Se Bagdad não atender às exigências, o Irão lançaria uma operação militar com forças terrestres e continuaria a bombardear as bases da oposição, disse Ghaani aos dirigentes iraquianos, segundo explicaram à AP figuras políticas xiitas, que pediram anonimato.
A área de preocupação do Irão está sob a autoridade da região semi-autónoma curda e exigiria que Bagdad negociasse uma coordenação conjunta.

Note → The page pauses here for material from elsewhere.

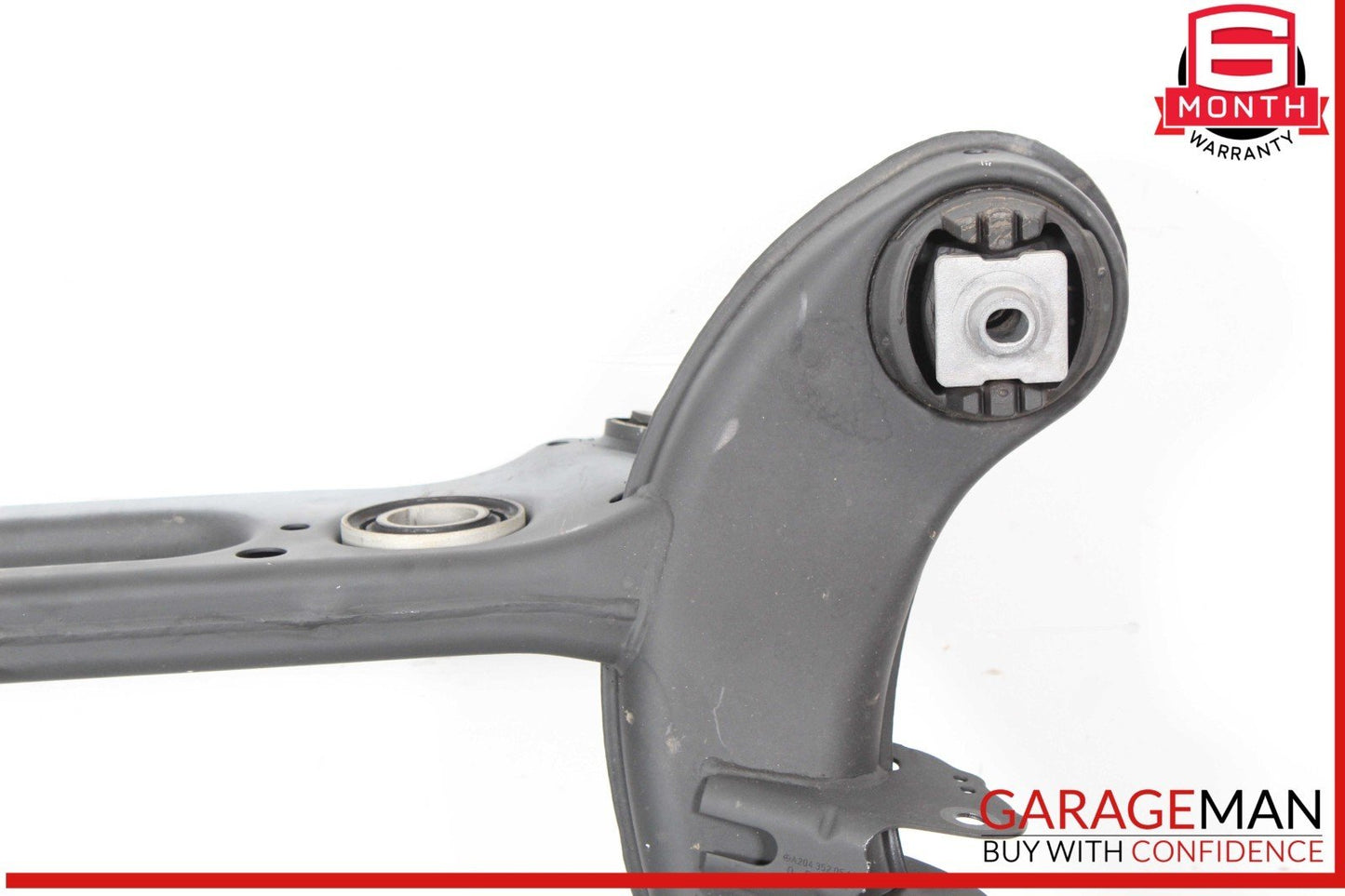 10-18 Mercedes W212 E350 CLS400 CLS550 Rear Subframe Sub Frame Crossmember OEM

Os partidos curdos de oposição, embora reconheçam laços profundos com áreas curdas no Irão, também negam que estejam a contrabandear armas para apoiar os manifestantes e os protestos no território iraniano.
Mahsa Amini, a jovem que morreu sob custódia policial, era da cidade curda de Saqqez, onde começaram os protestos contra o regime do 'ayatollah' Ali Khamenei, em setembro.
Os partidos curdos de oposição sustentam que o seu envolvimento não vai além de oferecer apoio moral, aumentar a consciencialização e fornecer assistência médica aos manifestantes feridos que chegam do Irão.
Soran Nuri, um dos principais membros do Partido Democrático do Curdistão no Irão (KDPI), também citado pela AP, disse estar ciente das exigências do Irão, mas garantiu que nunca a formação polícia contrabandeou armas para qualquer país.
"Esperamos que (a região curda) não sucumba a essas ameaças", afirmou.
As autoridades de segurança iraquianas tentaram repetidamente persuadir Teerão de que nenhuma arma está a ser contrabandeada do Iraque para o Irão, mas Teerão "ignora essa garantia", referiu ainda à AP, um alto funcionário curdo, também sob anonimato.
Alguns grupos curdos estão envolvidos num conflito de baixa intensidade com Teerão desde a Revolução Islâmica Iraniana de 1979, levando muitos membros a procurar o exílio político no vizinho Iraque, onde estabeleceram bases.